> **Task**: Set out exactly, and with nothing added, the line containing "An elderly woman" and every line after it through the final line of the data.

======== Source data ========

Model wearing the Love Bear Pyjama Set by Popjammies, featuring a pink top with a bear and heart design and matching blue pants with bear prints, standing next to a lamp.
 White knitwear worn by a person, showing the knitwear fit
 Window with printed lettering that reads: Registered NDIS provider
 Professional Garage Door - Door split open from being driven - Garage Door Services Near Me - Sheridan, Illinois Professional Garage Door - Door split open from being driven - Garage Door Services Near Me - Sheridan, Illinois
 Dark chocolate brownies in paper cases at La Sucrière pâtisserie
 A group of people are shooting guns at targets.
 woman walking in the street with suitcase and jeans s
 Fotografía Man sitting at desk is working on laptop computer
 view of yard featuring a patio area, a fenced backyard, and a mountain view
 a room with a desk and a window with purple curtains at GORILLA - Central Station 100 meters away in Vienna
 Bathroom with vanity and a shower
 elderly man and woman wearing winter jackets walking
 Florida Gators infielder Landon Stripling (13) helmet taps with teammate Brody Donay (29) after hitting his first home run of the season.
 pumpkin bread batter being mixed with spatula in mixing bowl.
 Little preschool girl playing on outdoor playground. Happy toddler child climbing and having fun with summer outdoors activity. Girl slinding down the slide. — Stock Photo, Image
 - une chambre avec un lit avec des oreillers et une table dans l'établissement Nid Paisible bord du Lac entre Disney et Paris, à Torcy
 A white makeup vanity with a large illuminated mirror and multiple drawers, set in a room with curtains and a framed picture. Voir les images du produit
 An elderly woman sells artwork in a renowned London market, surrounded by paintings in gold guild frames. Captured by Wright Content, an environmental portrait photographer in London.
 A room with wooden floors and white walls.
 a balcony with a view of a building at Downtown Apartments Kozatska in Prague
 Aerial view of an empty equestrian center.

========

> **Result of this exercise**:
 An elderly woman sells artwork in a renowned London market, surrounded by paintings in gold guild frames. Captured by Wright Content, an environmental portrait photographer in London.
 A room with wooden floors and white walls.
 a balcony with a view of a building at Downtown Apartments Kozatska in Prague
 Aerial view of an empty equestrian center.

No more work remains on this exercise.